The dashboard is designed to provide the freedom to change it and make your individual visualizations with the metadata and metrics which can be supplied to you. In order for you much more perception into price, contemplate deploying the CUDOS dashboard as nicely!

Clear up

In case you not want the dashboard, delete the CDK app:

Conclusion

On this put up, we talked concerning the significance of getting observability of your AWS Glue jobs and supplied an AWS CDK app that deploys a QuickSight dashboard for you. We hope this helps you optimize your AWS Glue surroundings utilizing the insights the dashboard supplies.
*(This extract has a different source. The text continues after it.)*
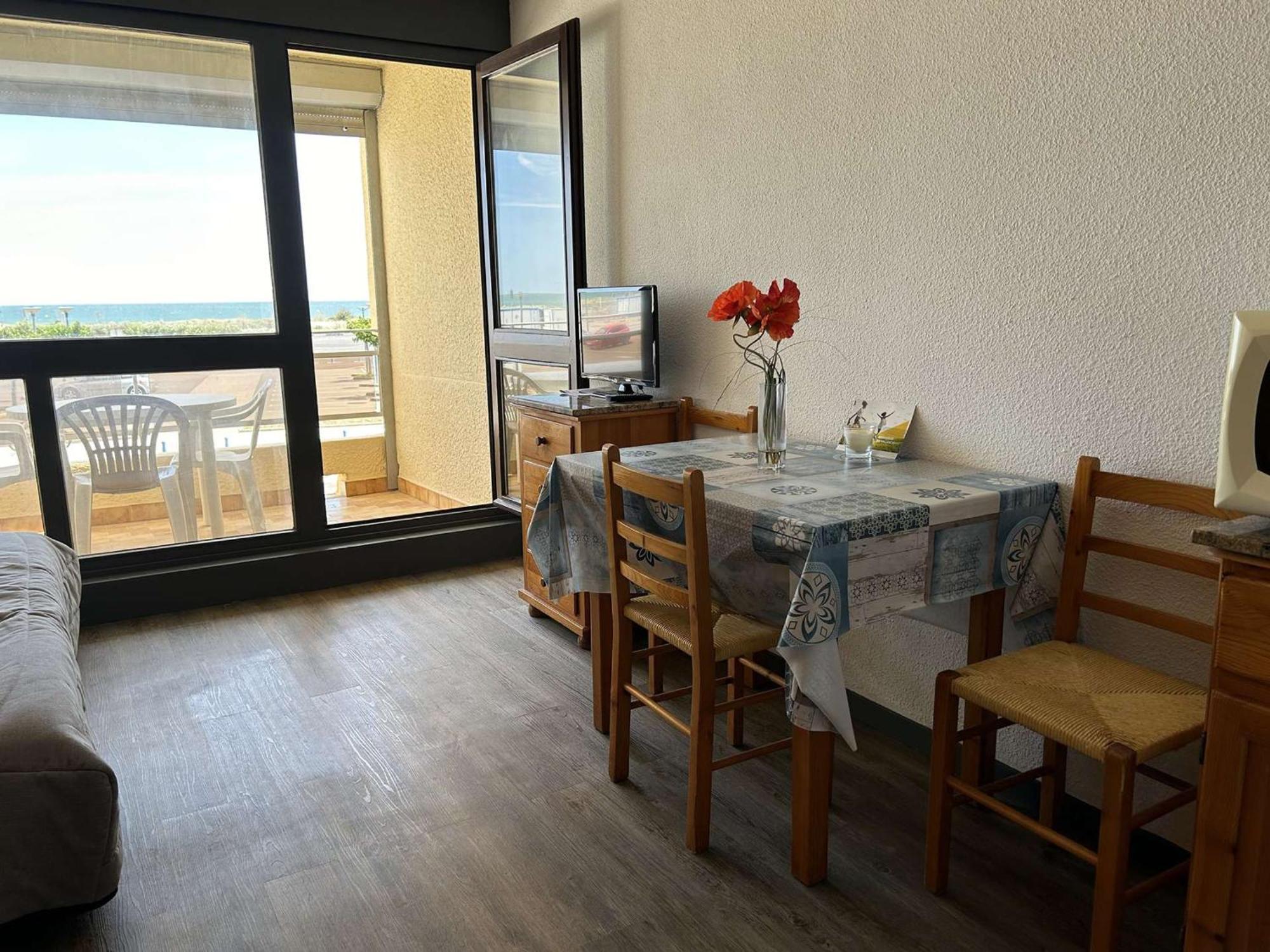 Studio Bord De Mer, Parking, Animaux Admis - Fr-1-229D-226 Saint-Pierre-la-Mer  Экстерьер фото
To find out about event-based alerting to your AWS Glue for Apache Spark and Ray jobs, confer with Automate alerting and reporting for AWS Glue job useful resource utilization.

In regards to the authors

Michael Hamilton is a Sr Analytics Options Architect specializing in serving to enterprise prospects within the south east modernize and simplify their analytics workloads on AWS. He enjoys mountain biking and spending time together with his spouse and three kids when not working.

Cody Penta is a Options Architect at Amazon Internet Companies and is predicated out of Charlotte, NC. He has a spotlight in safety and CDK, and enjoys fixing the actually troublesome issues within the know-how world. Off the clock, he loves enjoyable within the mountains, coding private tasks, and gaming.

Angus Ferguson is a Options Architect at AWS who’s enthusiastic about assembly prospects the world over, serving to them resolve their technical challenges. Angus focuses on Knowledge & Analytics with a deal with prospects within the monetary companies business.